→ Data records:
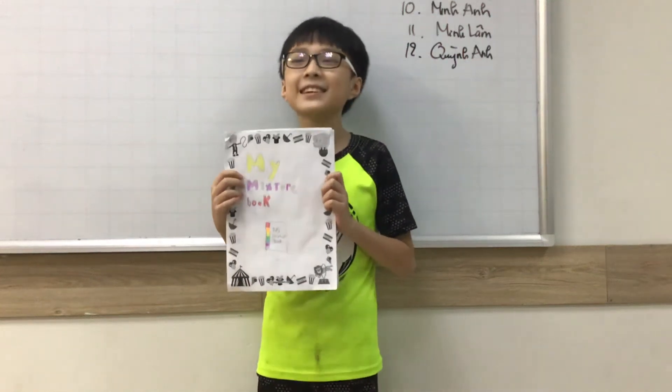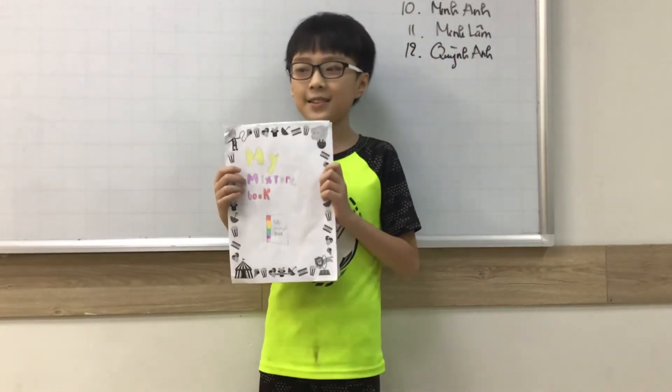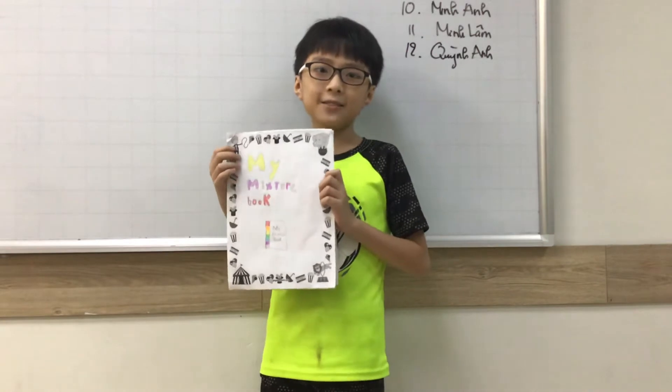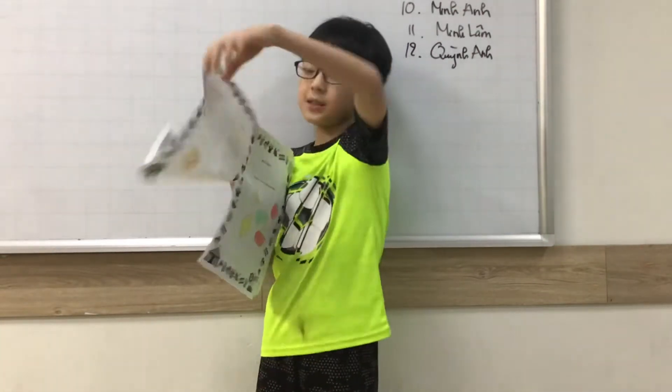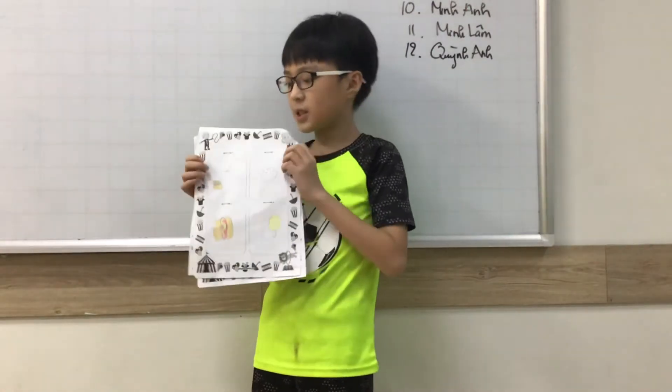Hello everyone, my name is Huỳ Tâm Kiên. I'm from Classics Congo 2A. Today I will talk to you about my mixture food. My mixture food has 4 mixtures.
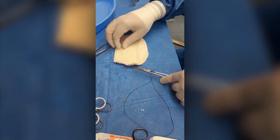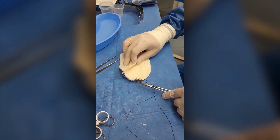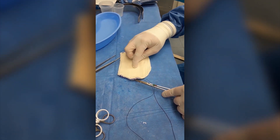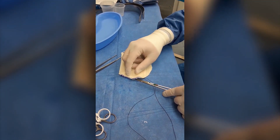So here we are. I've got these two pieces now set up so that the deep surfaces are facing each other. This is the smoother surface of the ADM and I'm going to sew this all the way around with a running continuous permanent stitch.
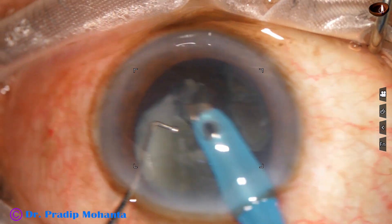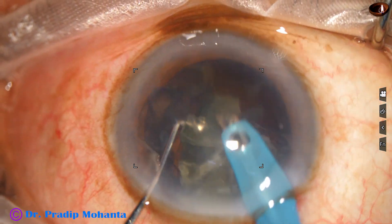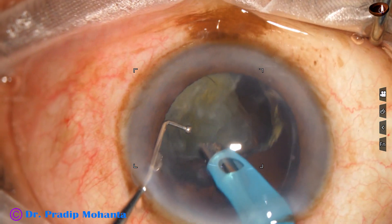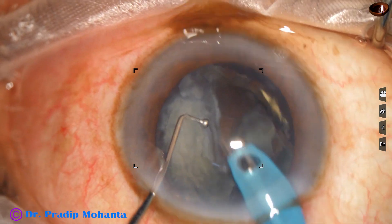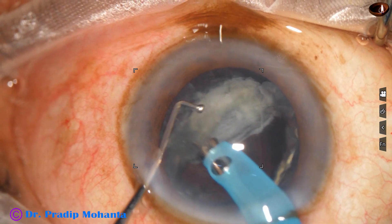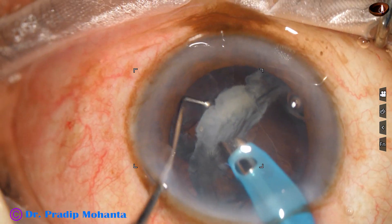It is a ball-tipped, round-bodied chopper. The length varies from 1.5 to 2 millimeters — whatever length you are comfortable with — but it should not be less than 1.5 millimeters, because you have to hook the equator and perform a horizontal kind of chop.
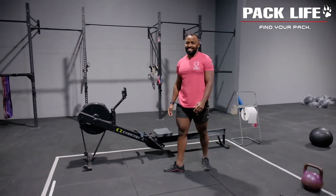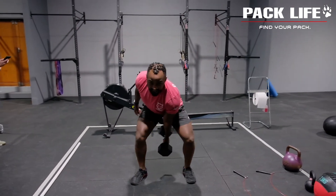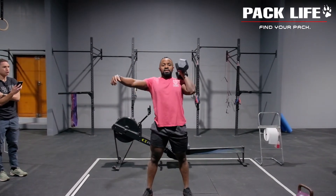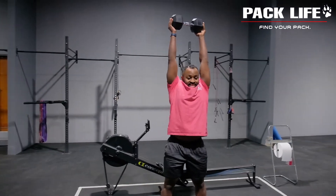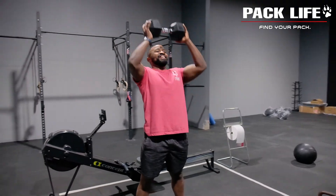Once you and your partner have done that, you're going into push jerks or push press. If your dumbbell is heavy you can do this with two hands; otherwise you can do single hand — that's your push jerk. Milo is going to give us a push press with two hands. If you find that easier today, drive the hips forward nice and aggressively overhead.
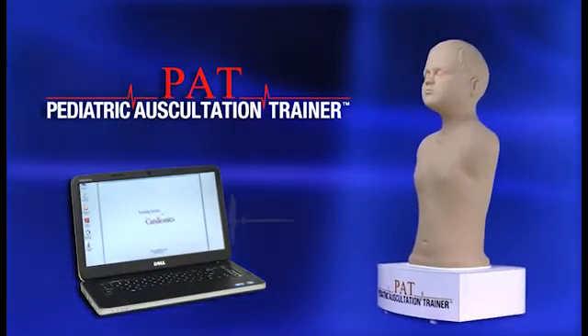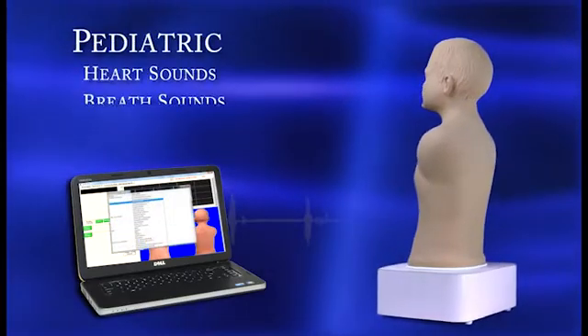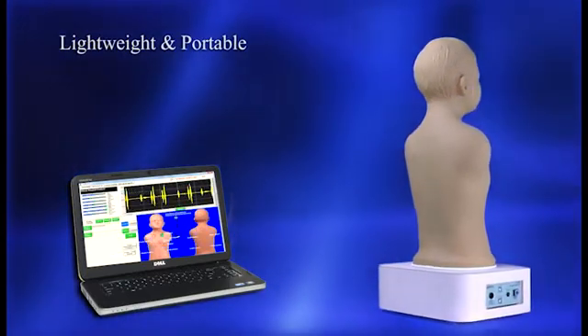PAT, the Pediatric Auscultation Trainer from Cardionics, is the latest innovation in teaching and learning critical pediatric auscultation skills and concepts. Weighing less than 20 pounds, PAT is portable and easy to use.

→ Task item: Nothing but the pictures should be left out when the records are retyped exactly.

→ Answer for the task:
Hello everyone, my name is Huỳ Tâm Kiên. I'm from Classics Congo 2A. Today I will talk to you about my mixture food. My mixture food has 4 mixtures.
So here we are. I've got these two pieces now set up so that the deep surfaces are facing each other. This is the smoother surface of the ADM and I'm going to sew this all the way around with a running continuous permanent stitch.
It is a ball-tipped, round-bodied chopper. The length varies from 1.5 to 2 millimeters — whatever length you are comfortable with — but it should not be less than 1.5 millimeters, because you have to hook the equator and perform a horizontal kind of chop.
Once you and your partner have done that, you're going into push jerks or push press. If your dumbbell is heavy you can do this with two hands; otherwise you can do single hand — that's your push jerk. Milo is going to give us a push press with two hands. If you find that easier today, drive the hips forward nice and aggressively overhead.
PAT, the Pediatric Auscultation Trainer from Cardionics, is the latest innovation in teaching and learning critical pediatric auscultation skills and concepts. Weighing less than 20 pounds, PAT is portable and easy to use.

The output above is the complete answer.